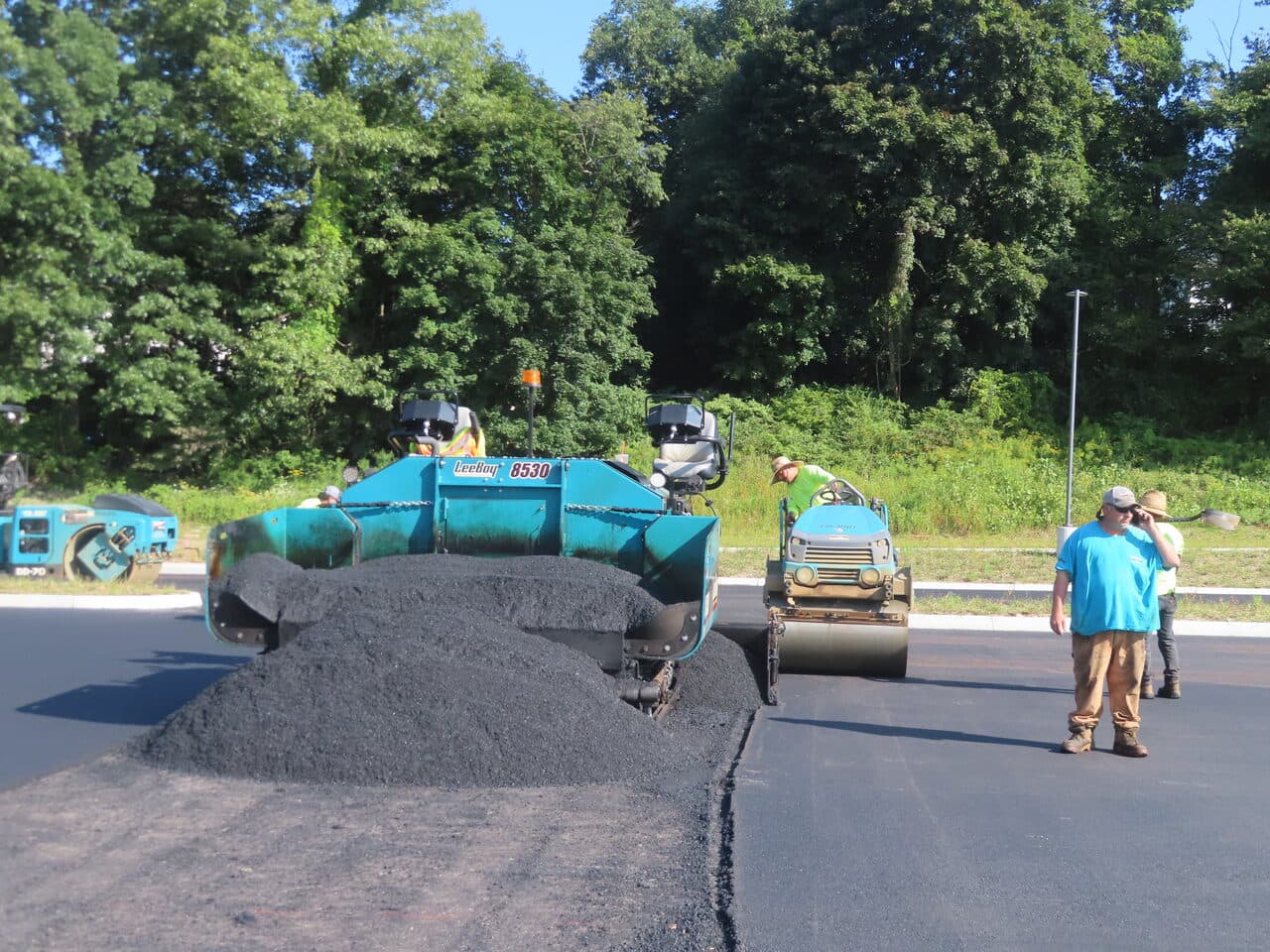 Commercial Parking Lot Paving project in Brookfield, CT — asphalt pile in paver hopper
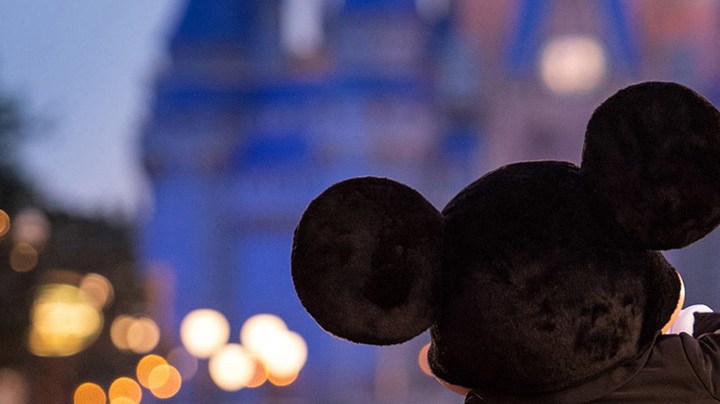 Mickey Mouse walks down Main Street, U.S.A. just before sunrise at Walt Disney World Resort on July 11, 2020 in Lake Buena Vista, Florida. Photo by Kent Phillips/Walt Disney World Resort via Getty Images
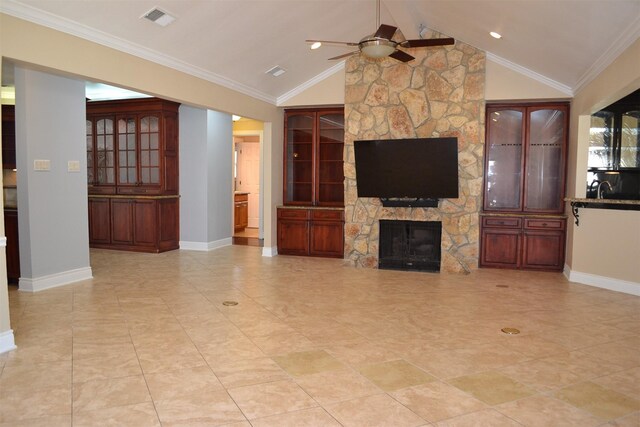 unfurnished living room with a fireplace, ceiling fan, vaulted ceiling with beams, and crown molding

##############################

- _REQUIRED ACTION_
Transcribe all of the data above verbatim but omit every picture.

- _COMPLETED TASK_
 Commercial Parking Lot Paving project in Brookfield, CT — asphalt pile in paver hopper
 Mickey Mouse walks down Main Street, U.S.A. just before sunrise at Walt Disney World Resort on July 11, 2020 in Lake Buena Vista, Florida. Photo by Kent Phillips/Walt Disney World Resort via Getty Images
 unfurnished living room with a fireplace, ceiling fan, vaulted ceiling with beams, and crown molding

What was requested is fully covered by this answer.